No âmbito das dívidas para com a União as condições foram estabelecidas na Lei nº 13.259/16, cuja redação foi posteriormente alterada pela Medida Provisória nº 719/16, convertida na Lei nº 13.313/16.
Dentre outros aspectos, a referida Lei exige que os imóveis a serem utilizados na quitação estejam livres e desembaraçados de qualquer ônus, sejam previamente avaliados, empregados na quitação integral do débito identificado, incluindo atualização, juros, multa, encargos legais, sem qualquer desconto, assegurando-se ao devedor a complementação da diferença em dinheiro.
A começar pela demora em estabelecer as condições para adoção da dação em pagamento (a Lei foi editada 15 anos após a previsão no Código Tributário Nacional), a previsão legal merece críticas.
A lei limitou a utilização da dação em pagamento, por exemplo, a débitos inscritos em dívida ativa, justamente os que já se encontram com valor majorado em razão da aplicação dos encargos legais quando da referida inscrição.

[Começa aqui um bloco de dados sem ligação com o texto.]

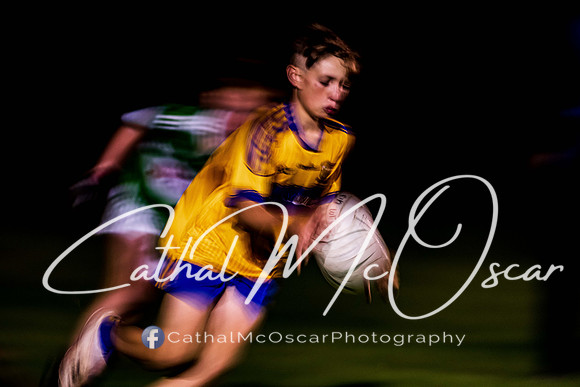Loup v Limavady (114 of 114)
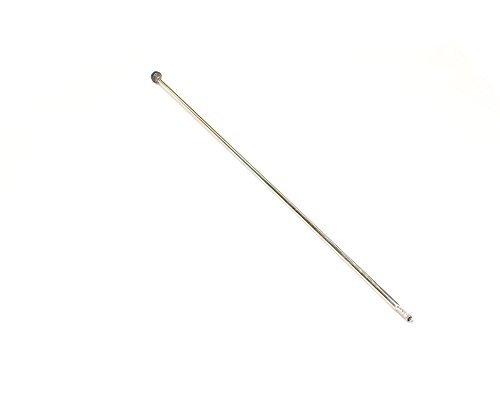 Tige dynamométrique 35-01818 Master-Bilt pour étanchéité de porte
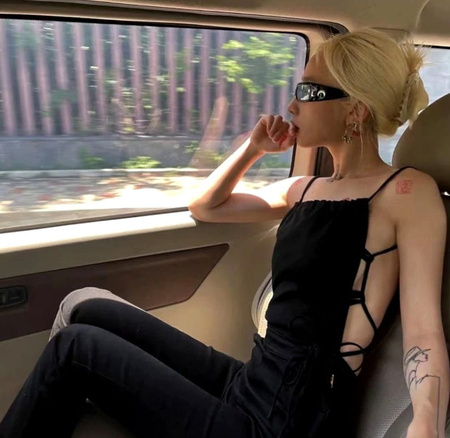 Ochelari de soare sport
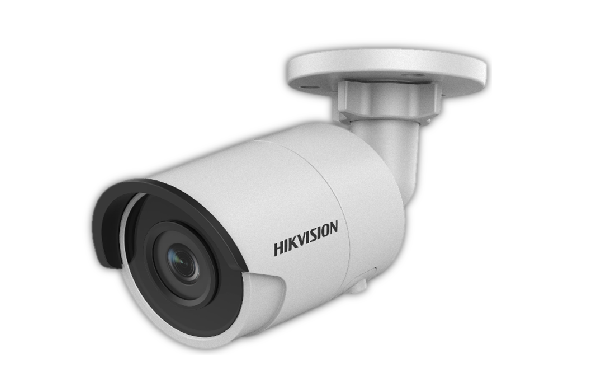 Camera IP hồng ngoại 6.0 Megapixel HIKVISION DS-2CD2063G0-I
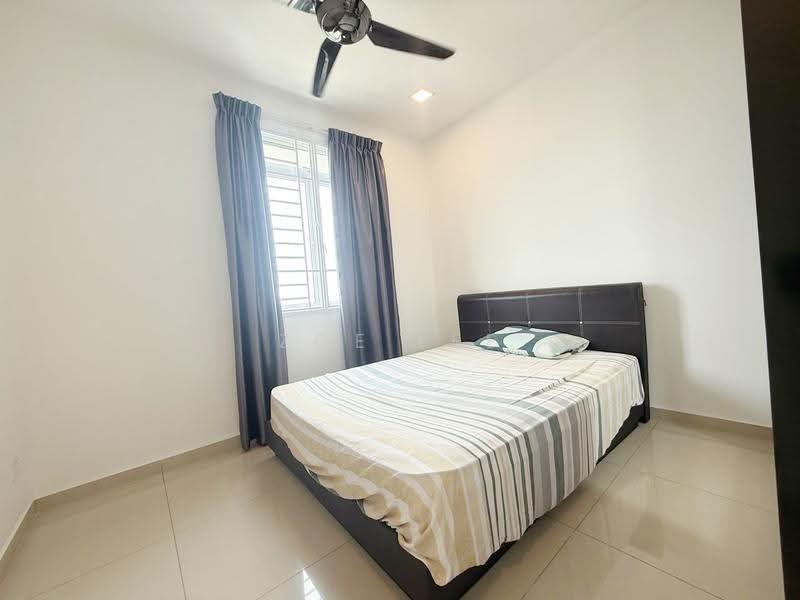 Condominium for Sale at Fairway Suites - Zoe Lee - PropertyGuru.com.my
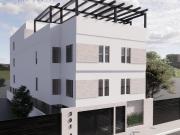 Departamento en Venta en Col. Sahop, Madero Tamaulipas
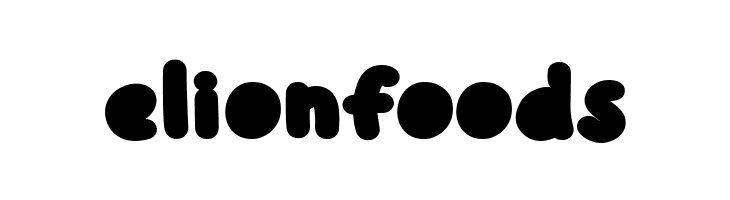 Kiddosy Free Block  Free Fonts Download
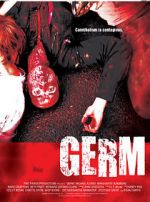 Watch Germ Movie25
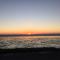 Pier 12, FeWo 4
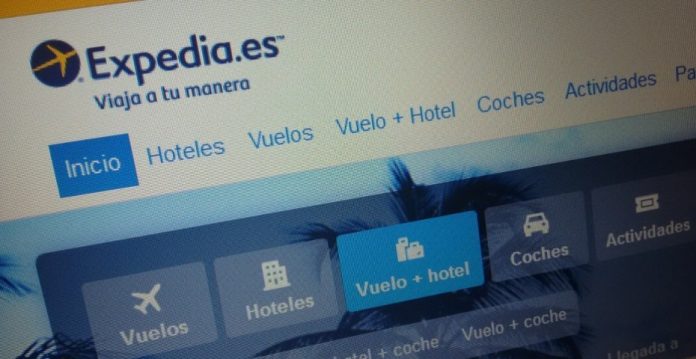 Expedia pacta la adquisición de Homeaway en una macrooperación de 3.600 millones.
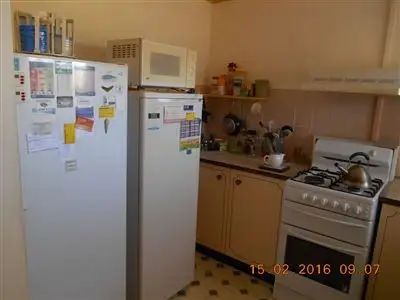 Third view of Homely house listing, 34 McDouall, Barraba NSW 2347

Esta previsão legal restringiu, sem maiores justificativas, a utilização desta modalidade de quitação em relação aos débitos já lançados mas ainda não inscritos ou ainda os débitos confessados pelo contribuinte, por exemplo.
A lei ainda expressamente vedou a utilização da dação em relação aos débitos do Simples Nacional adotado pelas micro e pequenas empresas, criando assim condição mais onerosa para estas empresas, em contradição com o art. 146, III, d da Constituição da República que estabelece a adoção de tratamento diferenciado e favorecido para as microempresas e para as empresas de pequeno porte.
Ademais, na hipótese de utilização de imóvel com valor inferior ao débito, a legislação exige que o saldo remanescente seja quitado em dinheiro, sem prever contudo a possibilidade de utilização de outras formas de extinção do crédito tributário como a compensação com créditos.
A regulamentação do tema por meio da Portaria nº 32/18, além de ter demorado (a Portaria foi editada cerca de 2 anos após a previsão legal) e mantido os problemas apontados na lei (até mesmo porque não poderia contrariar as previsões legais, em virtude da hierarquia das normas), merece outros reparos ao estabelecer condições que podem mitigar a eficácia do instituto.
Referida regulamentação fez uso de critérios imprecisos ou não objetivos tais como a impossibilidade de aceitação de imóveis de difícil alienação, inservíveis, ou que não atendam aos critérios de necessidade, utilidade e conveniência que devem ser aferidos pela Administração Pública.
Ao prever que a avaliação do imóvel será feita de forma unilateral, apenas por órgãos oficiais como instituição financeira oficial, em se tratando de imóvel urbano, e pelo Instituto Nacional de Colonização e Reforma Agrária (Incra), em se tratando de imóvel rural, impedindo a participação de um terceiro independente, desvinculado da relação credor/devedor, o que seria extremamente saudável para fortalecer o instituto, a regulamentação também cria uma expectativa de demora na realização deste processo com prejuízos à aplicação da dação, uma vez que a experiência tem demonstrado a ineficiência da Administração Pública na realização de avaliações, seja por falta de recursos, pessoal ou gestão, o que é agravado pela perspectiva de muitos imóveis estarem em localidades afastadas dos grandes centros.
A referida regulamentação ainda exige requisitos de difícil obtenção e que deixam o devedor integralmente submetido à vontade do credor, tais como manifestação de interesse no bem imóvel expedida por dirigente máximo de órgão público integrante da Administração Federal direta ou por entidade integrante da Administração Federal indireta, assim como declaração de disponibilidade orçamentária e financeira do valor relativo ao bem imóvel oferecido.
Além disso, a regulamentação estipula que se o bem ofertado for avaliado em montante superior ao valor do débito, o contribuinte deverá expressamente renunciar o ressarcimento de qualquer diferença, enquanto o mais recomendável seria prever a restituição do valor ou ainda a formação de um crédito a ser empregado na quitação de outros débitos lançados ou ainda tributos correntes.
Não há dúvidas de que a regulamentação da possibilidade da dação de bens imóveis para fins de quitação de débitos tributários é um importante avanço na relação entre contribuintes e a União, contudo, ajustes serão necessários para que o instituto possa ser um instrumento efetivo na quitação de passivos.